WHAT IS REQUIRED:
When a line below holds the string "sunset", show that line.

EXERCISE INPUT:
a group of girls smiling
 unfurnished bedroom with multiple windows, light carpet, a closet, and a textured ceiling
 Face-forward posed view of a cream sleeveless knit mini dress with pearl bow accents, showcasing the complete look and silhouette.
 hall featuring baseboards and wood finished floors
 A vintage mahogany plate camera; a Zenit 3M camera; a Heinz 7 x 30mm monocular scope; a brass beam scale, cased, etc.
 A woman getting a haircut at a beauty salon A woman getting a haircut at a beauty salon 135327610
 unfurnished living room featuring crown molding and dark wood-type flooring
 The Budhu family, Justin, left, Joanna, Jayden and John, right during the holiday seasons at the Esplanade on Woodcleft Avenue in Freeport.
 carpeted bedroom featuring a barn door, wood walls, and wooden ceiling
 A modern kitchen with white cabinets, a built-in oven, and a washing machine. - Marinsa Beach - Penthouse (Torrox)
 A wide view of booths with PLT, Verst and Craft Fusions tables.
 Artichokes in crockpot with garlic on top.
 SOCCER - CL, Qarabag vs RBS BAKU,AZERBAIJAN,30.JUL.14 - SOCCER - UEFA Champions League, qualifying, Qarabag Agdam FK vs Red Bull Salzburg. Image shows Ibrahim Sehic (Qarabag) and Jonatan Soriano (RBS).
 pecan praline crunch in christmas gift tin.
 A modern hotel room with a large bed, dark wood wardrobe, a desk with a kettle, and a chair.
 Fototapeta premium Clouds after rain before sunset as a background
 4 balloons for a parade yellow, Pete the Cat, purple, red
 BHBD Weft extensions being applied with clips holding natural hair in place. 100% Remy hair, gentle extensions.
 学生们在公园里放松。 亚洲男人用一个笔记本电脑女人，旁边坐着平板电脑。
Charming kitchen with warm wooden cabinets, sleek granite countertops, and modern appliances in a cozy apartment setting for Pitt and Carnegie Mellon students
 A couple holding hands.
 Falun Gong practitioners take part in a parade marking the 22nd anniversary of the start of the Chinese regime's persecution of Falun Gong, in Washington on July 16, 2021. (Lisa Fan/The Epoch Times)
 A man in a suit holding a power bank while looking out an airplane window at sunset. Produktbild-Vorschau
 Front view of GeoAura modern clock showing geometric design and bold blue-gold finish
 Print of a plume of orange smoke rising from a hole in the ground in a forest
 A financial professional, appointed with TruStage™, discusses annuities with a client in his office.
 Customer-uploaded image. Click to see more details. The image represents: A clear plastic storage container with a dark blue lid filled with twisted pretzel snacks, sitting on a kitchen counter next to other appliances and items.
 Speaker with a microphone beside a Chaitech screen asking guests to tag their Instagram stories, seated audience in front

EXERCISE RESULT:
 Fototapeta premium Clouds after rain before sunset as a background
 A man in a suit holding a power bank while looking out an airplane window at sunset. Produktbild-Vorschau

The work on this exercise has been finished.